Veteran prop Heather Ballinger didn't know until she checked in at Brisbane airport ahead of her final Test in Auckland on Saturday that all three Australian teams – the Kangaroos, Jillaroos and Junior Kangaroos – were travelling together on their own chartered flight.
The game has come a long way since 36-year-old Ballinger and teammates had to sell cars or rely on raffles to afford to play for the Jillaroos and attempts are being made to ensure any player who wears the green and gold jersey is treated the same, regardless of whether they are male or female.
The three Australian teams, who will play a triple-header against their New Zealand counterparts for the first time at Mt Smart Stadium on Saturday, spent two days in camp together at the same hotel before flying to Auckland, taking part in joint bonding activities and travelling on their own plane.
"To work together as one big unit is great, it helps to bond the teams together," Ballinger said. "I go back to a time when we had to pay our own way, make do with what we could afford at the time and just have whatever players could afford to go away.
Kangaroos and Kiwis feel the love at fan day
"Now we can select our best players and take them away and ensure they are fed well, hydrated well, recovered well, trained well and put out on the field quality football that people can enjoy.
"I didn't find out about the plane until we went to the airport but that is excellent work done by the NRL to put that on and I guess it just brings us together as a united squad."
Kangaroos coach Mal Meninga estimated that there were 100 people involved with the three teams so it was cheaper and easier to charter their own plane for the flight to Auckland.
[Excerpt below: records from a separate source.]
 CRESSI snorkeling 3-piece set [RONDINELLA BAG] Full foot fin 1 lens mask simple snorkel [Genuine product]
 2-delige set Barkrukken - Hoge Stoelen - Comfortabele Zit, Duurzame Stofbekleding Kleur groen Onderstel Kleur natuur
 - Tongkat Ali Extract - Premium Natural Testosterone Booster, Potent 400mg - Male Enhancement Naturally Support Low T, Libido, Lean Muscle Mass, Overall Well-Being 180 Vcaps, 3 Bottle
However, the efforts to bring the sides together went far beyond sharing an aeroplane.
The teams stayed at the same hotel in Brisbane and on Sunday night Meninga took them to Enoggera Barracks, also known as Gallipoli Barracks, where they had dinner and he outlined why it was important that the 100th anniversary of the end of World War I be honoured on Saturday night.
"We want to acknowledge and commemorate 100 years of Armistice Day and the Armed Services, and what they have done for our country," Menginga said. "It is important from our point of view to say thanks to all of those men and women who have served and allowed us to be what we are today."
Under Meninga's coaching rein, the Kangaroos have introduced a series of values for players to follow known as RISE – Respect, Inspire, Selfless, Excellence – and the players heard that the Armed Forces have similar set of principles.
"Part of our RISE value system is around selflessness, it is around mateship, it is about being inclusive and team first, regardless of whether you are male or female or a Junior Kangaroo," Meninga said. "It is the expectation of any player – male or female – in the green and gold jersey."
An example of Meninga's determination to have all players afforded the same opportunity was his response to a question in Auckland on Thursday about the "women's game" being played before the Kangaroos-Kiwis Test on Saturday.
"Every time we talk about the game we actually mean men and women, boys and girls," Meninga said.
"It is all inclusive, it is all equal for everyone who participates in our game at the highest end.
"It is not a curtain raiser, it is not a separate game, it is a double-header or in this case a triple-header, with the Junior Kangaroos and Kiwis playing too."
Jillaroos second-rower Kezie Apps said the introduction of the Holden NRL Women's Premiership this season had lifted the profile of the game's female players and their Kangaroos counterparts were supportive of the competition.
"It was awesome to be together as one big group, to stay at the same hotel as them and to do activities together," Apps said. "It was just a really nice feeling that we are being treated the same – the men and women.
"The boys are great, we were talking to some of them and they were saying how much they loved it (the NRLW), and they were asking questions about the players and how we do things. It was really good to hear that they actually followed us in the Women's Premiership.
"We look up to them as players and as athletes and now we are getting the opportunity to play just like they are playing week in and week out."
Kangaroos forward Tyson Frizell said the three Australian teams would continue helping each other in Auckland in a bid to achieve a hat-trick of victories over New Zealand on Saturday.
"It is the first time all of us being together and I think Mal wants us all to be on the same page in the direction we want to go as Australian rugby league players," Frizell said. "Everything that we did for those two days in Brisbane was pretty much all together."
"Mal made an effort to make it a memorable occasion. He took us to the army camp and we had dinner and a few people told some stories. It all related back to mateship and that is what this camp was all about. Going out there on Saturday we will be trying to show that."